- _DATASET ENTRIES_:
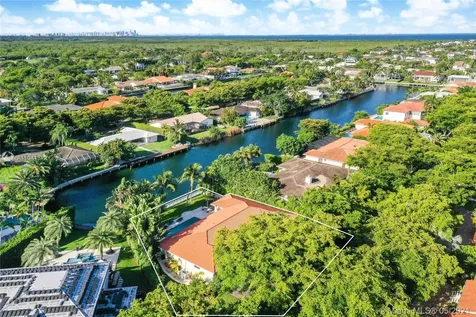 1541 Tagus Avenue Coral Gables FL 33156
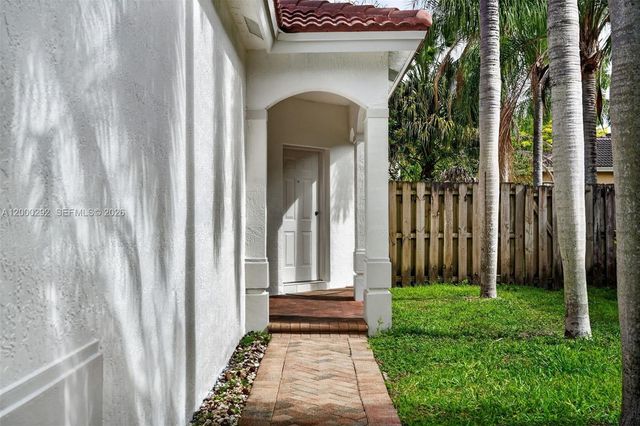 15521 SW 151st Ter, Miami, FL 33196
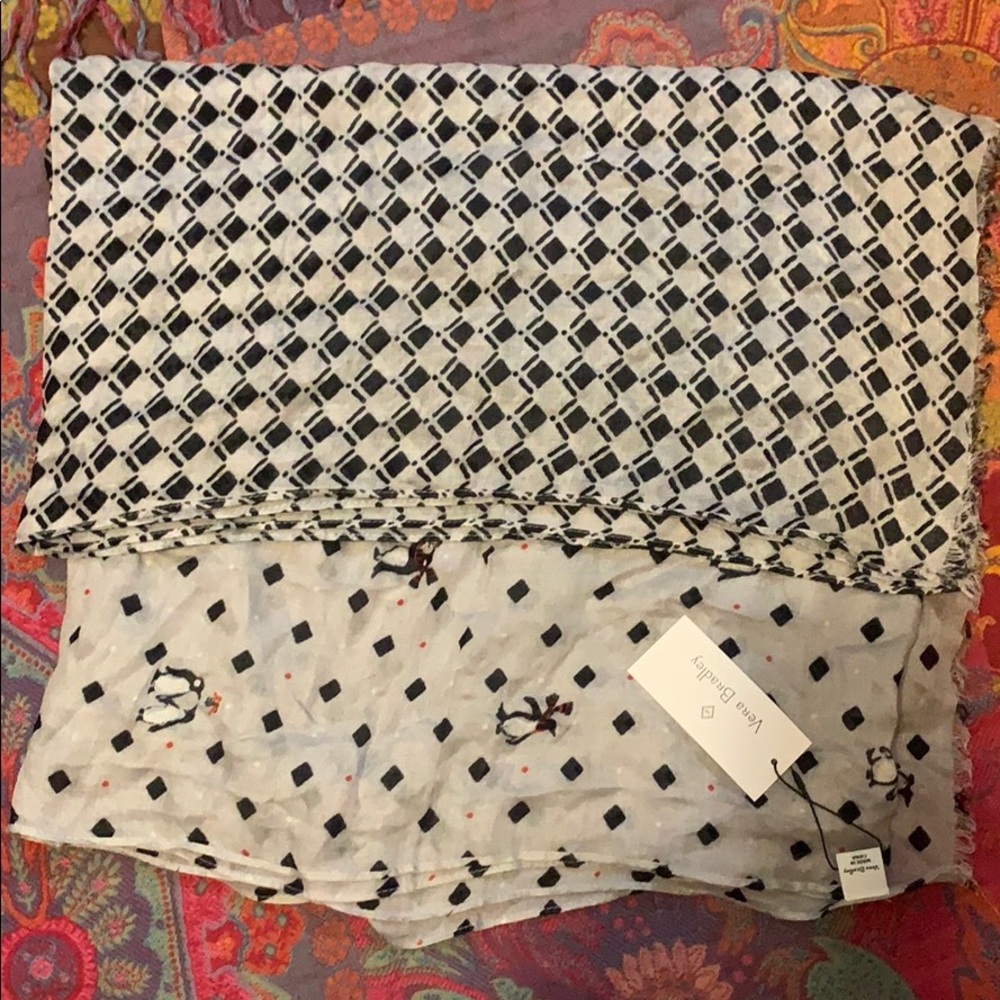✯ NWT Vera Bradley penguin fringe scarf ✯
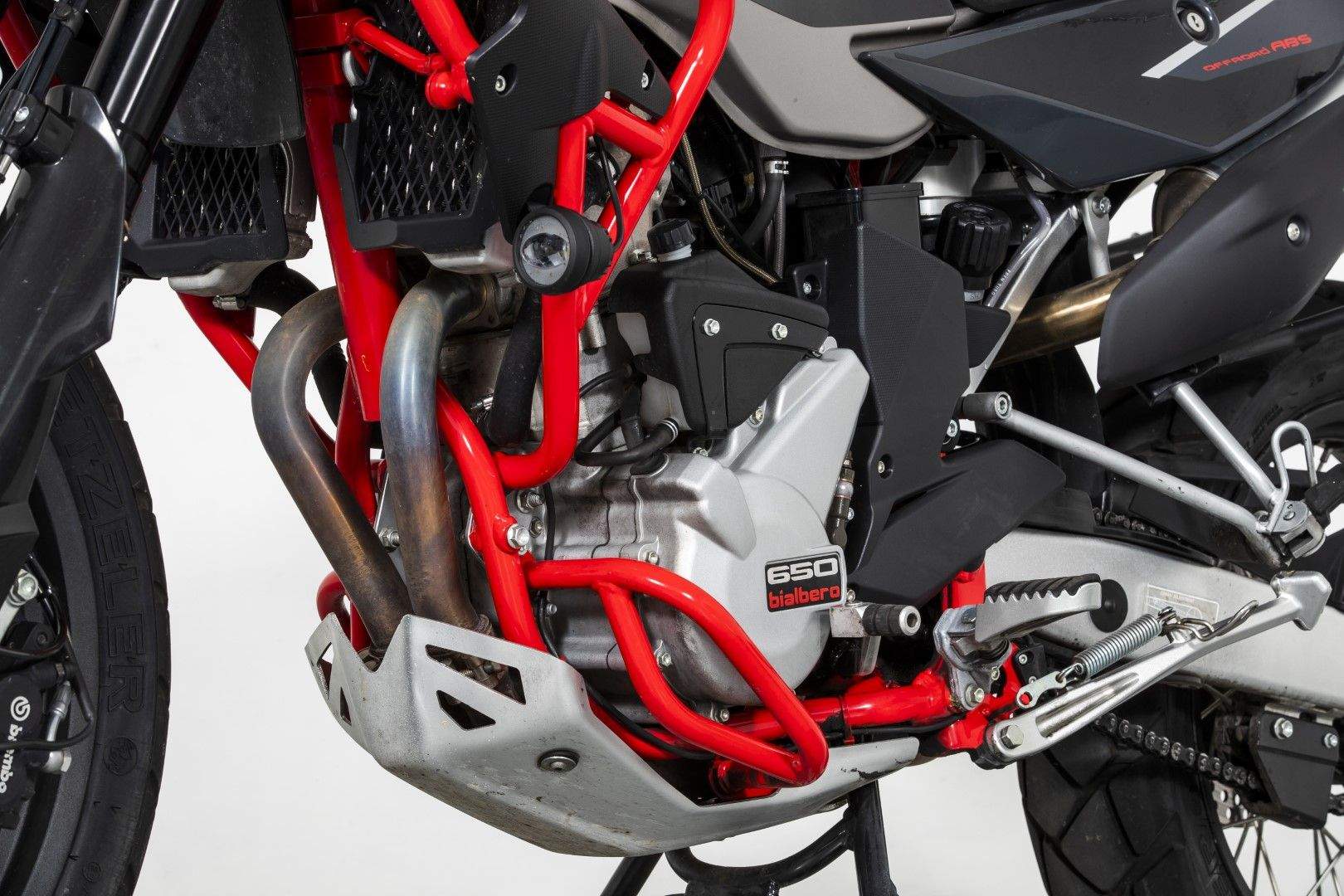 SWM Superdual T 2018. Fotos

...

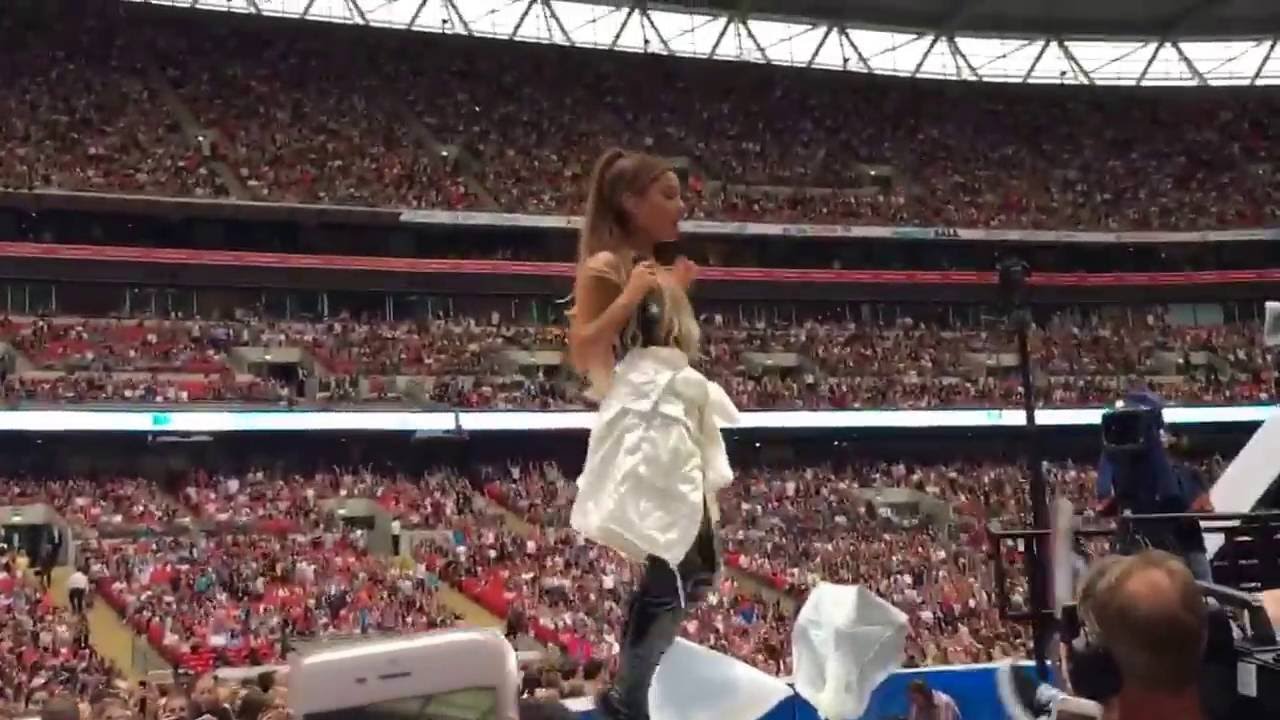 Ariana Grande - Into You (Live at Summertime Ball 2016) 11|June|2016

* * *

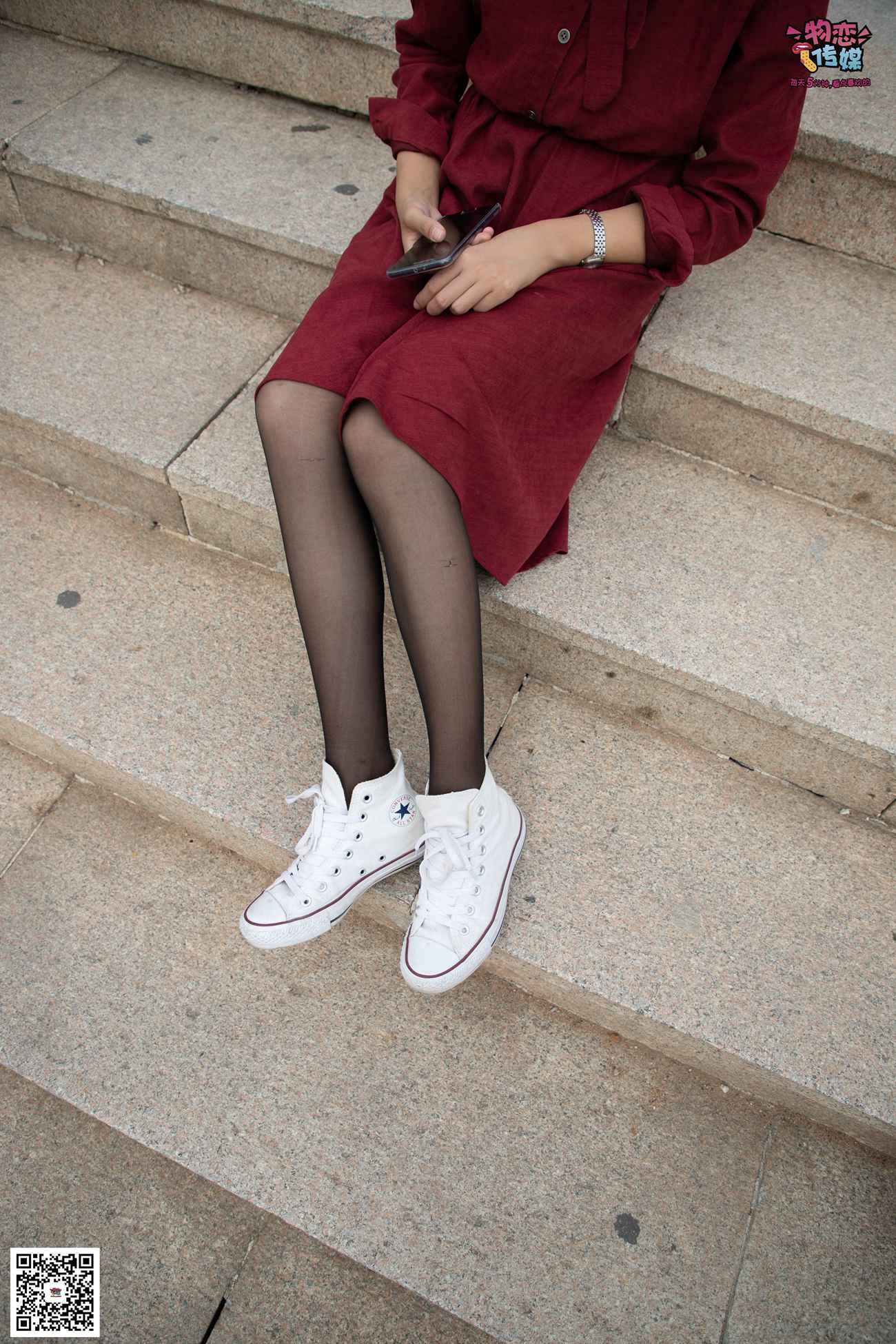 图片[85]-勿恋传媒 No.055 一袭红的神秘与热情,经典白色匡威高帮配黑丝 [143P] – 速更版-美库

- _TASK OBJECTIVE_:
Take the entries above and copy exactly the lines starting at the one with "fringe scarf ✯" and ending at the one with "SWM Superdual T 2018. Fotos"; nothing outside that span, and no pictures.

- _RESPONSE AREA_:
✯ NWT Vera Bradley penguin fringe scarf ✯
 SWM Superdual T 2018. Fotos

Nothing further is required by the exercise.